[U-Boot] [PATCH V3 1/3] drivers: block: add block device cache

Sat Apr 2 16:24:05 CEST 2016

Hi Stephen,

On 04/01/2016 07:07 PM, Stephen Warren wrote:
> On 04/01/2016 05:16 PM, Eric Nelson wrote:
>> On 04/01/2016 03:57 PM, Stephen Warren wrote:
>>> On 03/31/2016 02:24 PM, Eric Nelson wrote:
>>>> On 03/30/2016 02:57 PM, Stephen Warren wrote:
>>>>> On 03/30/2016 11:34 AM, Eric Nelson wrote:
>>>>>> On 03/30/2016 07:36 AM, Stephen Warren wrote:
>>>>>>> On 03/28/2016 11:05 AM, Eric Nelson wrote:
>>
>> <snip>
>>
>>>>>
>>>>> We could allocate the data storage for the block cache at the top
>>>>> of RAM
>>>>> before relocation, like many other things are allocated, and hence not
>>>>> use malloc() for that.
>>>>
>>>> Hmmm. We seem to have gone from a discussion about data structures to
>>>> type of allocation.
>>>>
>>>> I'm interested in seeing how that works. Can you provide hints about
>>>> what's doing this now?
>>>
>>> Something like common/board_f.c:reserve_mmu() and many other functions
>>> there. relocaddr starts at approximately the top of RAM, continually
>>> gets adjusted down as many static allocations are reserved, and
>>> eventually becomes the address that U-Boot is relocated to. Simply
>>> adding another entry into init_sequence_f[] for the disk cache might
>>> work.
>>>
>>
>> Thanks for the pointer. I'll review that when time permits.
>>
>> This would remove the opportunity to re-configure the cache though,
>> right?
> 
> Well, it would make it impossible to use less RAM. One could use more by
> having a mix of the initial static allocation plus some additional
> dynamic allocation, but that might get a bit painful to manage.
> 

This might not be too bad though. Even if we allocated 4x the current
defaults, we're only at ~64k.

> It might be interesting to use the MMU more and allow de-fragmentation
> of VA space. That is, assuming there's much more VA space than RAM, such
> as is true on current 64-bit architectures. Then I wouldn't dislike
> dynamic allocation so much:-)
> 

That's interesting, but probably more invasive than this patch set.

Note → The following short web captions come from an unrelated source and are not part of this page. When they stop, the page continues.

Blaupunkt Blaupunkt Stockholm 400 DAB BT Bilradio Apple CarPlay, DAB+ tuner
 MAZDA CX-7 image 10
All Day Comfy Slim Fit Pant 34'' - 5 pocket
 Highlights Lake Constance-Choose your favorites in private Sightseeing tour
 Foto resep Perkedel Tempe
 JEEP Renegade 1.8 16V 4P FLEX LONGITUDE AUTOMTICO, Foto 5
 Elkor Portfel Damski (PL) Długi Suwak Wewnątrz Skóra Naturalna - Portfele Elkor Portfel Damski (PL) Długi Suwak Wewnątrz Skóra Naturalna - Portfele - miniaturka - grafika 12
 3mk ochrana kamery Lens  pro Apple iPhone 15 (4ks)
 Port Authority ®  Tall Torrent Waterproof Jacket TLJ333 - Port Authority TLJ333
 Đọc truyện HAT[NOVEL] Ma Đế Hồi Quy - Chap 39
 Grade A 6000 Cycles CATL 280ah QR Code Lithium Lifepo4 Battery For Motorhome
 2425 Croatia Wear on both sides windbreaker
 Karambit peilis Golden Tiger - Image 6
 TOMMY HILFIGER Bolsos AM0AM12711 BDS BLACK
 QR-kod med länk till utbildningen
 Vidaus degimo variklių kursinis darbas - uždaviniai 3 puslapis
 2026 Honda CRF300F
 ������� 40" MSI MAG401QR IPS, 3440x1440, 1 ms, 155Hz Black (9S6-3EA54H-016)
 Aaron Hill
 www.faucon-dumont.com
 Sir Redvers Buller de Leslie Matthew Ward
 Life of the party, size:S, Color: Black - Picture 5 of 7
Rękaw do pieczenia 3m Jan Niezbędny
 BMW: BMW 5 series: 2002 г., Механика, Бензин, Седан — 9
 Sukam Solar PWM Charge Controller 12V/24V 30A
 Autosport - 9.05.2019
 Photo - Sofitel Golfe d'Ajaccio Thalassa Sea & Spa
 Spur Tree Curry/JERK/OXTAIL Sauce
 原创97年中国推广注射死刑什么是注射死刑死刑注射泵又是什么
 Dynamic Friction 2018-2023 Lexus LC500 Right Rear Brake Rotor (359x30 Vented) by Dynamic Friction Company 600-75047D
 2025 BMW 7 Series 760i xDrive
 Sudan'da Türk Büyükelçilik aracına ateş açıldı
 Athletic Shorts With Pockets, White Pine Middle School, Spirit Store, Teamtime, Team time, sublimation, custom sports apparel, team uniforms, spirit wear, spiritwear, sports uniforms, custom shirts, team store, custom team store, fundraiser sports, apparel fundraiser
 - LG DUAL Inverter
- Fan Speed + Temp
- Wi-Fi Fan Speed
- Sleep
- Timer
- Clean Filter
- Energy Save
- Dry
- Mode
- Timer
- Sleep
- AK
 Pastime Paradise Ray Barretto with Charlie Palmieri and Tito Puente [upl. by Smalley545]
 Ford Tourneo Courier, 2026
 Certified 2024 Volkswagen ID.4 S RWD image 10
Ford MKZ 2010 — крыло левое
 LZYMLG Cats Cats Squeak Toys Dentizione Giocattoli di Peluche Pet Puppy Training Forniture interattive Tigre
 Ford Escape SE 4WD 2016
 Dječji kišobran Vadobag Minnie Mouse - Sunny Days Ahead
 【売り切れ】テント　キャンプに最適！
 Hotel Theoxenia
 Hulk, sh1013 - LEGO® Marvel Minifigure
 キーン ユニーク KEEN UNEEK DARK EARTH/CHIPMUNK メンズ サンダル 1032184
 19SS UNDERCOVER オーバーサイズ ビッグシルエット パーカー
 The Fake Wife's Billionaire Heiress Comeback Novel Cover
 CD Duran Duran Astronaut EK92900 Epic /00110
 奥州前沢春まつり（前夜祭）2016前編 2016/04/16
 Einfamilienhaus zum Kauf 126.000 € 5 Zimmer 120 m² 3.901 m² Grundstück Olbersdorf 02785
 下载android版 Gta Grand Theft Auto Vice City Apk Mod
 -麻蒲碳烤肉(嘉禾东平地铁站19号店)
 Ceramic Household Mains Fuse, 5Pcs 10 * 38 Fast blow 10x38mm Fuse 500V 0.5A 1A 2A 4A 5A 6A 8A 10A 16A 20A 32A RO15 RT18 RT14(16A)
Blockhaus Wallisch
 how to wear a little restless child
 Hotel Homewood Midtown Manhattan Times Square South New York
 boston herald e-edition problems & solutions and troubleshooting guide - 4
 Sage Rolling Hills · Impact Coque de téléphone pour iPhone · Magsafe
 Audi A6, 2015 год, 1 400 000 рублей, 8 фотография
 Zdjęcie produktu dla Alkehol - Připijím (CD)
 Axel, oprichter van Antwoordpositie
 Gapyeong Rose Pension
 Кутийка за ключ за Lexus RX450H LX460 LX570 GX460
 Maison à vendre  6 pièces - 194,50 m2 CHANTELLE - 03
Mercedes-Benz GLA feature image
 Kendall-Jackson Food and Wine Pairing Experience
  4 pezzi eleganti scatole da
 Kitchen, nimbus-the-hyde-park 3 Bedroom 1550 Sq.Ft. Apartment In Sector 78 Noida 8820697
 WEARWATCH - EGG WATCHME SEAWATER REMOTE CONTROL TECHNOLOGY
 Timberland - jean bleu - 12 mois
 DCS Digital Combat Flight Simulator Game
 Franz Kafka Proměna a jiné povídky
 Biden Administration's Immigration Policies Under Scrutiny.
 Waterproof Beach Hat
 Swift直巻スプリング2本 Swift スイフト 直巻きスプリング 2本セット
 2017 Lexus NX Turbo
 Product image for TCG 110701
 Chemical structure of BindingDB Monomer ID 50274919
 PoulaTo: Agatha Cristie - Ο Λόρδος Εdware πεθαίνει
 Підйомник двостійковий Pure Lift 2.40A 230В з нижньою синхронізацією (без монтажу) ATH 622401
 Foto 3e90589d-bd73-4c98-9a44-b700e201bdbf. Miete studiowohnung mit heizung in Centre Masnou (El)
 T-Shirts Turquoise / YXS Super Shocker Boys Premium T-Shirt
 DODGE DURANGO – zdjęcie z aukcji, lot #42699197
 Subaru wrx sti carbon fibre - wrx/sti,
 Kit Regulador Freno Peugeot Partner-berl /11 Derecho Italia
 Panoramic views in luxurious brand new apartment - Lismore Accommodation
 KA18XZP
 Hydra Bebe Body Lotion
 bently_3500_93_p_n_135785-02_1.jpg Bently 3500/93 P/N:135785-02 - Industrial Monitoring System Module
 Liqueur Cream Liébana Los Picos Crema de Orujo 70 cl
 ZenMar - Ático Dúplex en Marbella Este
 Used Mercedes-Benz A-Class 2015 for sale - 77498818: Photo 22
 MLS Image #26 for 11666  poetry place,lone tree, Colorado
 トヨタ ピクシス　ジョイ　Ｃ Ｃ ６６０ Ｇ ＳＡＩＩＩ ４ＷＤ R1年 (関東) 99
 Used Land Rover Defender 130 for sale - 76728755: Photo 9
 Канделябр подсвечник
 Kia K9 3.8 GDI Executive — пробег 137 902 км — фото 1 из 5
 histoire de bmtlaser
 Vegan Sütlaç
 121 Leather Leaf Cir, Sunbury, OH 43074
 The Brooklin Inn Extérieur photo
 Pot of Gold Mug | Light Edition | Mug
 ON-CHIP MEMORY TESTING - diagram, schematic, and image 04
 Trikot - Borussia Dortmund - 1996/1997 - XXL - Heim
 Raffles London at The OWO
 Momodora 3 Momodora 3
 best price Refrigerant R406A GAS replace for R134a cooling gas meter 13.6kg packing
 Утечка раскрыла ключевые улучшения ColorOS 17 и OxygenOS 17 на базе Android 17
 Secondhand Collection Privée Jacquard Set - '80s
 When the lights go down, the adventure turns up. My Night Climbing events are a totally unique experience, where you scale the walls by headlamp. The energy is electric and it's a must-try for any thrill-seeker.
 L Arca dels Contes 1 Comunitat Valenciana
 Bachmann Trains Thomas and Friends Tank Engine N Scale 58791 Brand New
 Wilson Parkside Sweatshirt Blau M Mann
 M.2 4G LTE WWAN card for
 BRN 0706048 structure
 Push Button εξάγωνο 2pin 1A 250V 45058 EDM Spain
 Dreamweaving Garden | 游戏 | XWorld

>> I'm not sure whether how important this feature is, and I think
>> only time and use will tell.
>>
>> I'd prefer to keep that ability at least for a cycle or two so that
>> I and others can test.
>>
>>>>>> While re-working the code, I also thought more about using an
>>>>>> array and
>>>>>> still don't see how the implementation doesn't get more complex.
>>>>>>
>>>>>> The key bit is that the list is implemented in MRU order so
>>>>>> invalidating the oldest is trivial.
>>>>>
>>>>> Yes, the MRU logic would make it more complex. Is that particularly
>>>>> useful, i.e. is it an intrinsic part of the speedup?
>>>>
>>>> It's not a question of speed with small numbers of entries. The code
>>>> to handle eviction would just be more complex.
>>>
>>> My thought was that if the eviction algorithm wasn't important (i.e.
>>> most of the speedup comes from have some (any) kind of cache, but the
>>> eviction algorithm makes little difference to the gain from having the
>>> cache), we could just drop MRU completely. If that's not possible, then
>>> indeed a list would make implementing MRU easier.
>>>
>>
>> How would we decide which block to discard? I haven't traced enough
>> to know what algorithm(s) might be best, but I can say that there's
>> a preponderance of repeated accesses to the last-accessed block,
>> especially in ext4.
> 
> Perhaps just keep an index into the array, use that index any time
> something is written to the cache, and then increment it each time.
> Probably not anywhere near as optimal as MRU/LRU though.

I see that Tom just applied V3, so I'd be interested in seeing
patches on top of that.

Regards,

Eric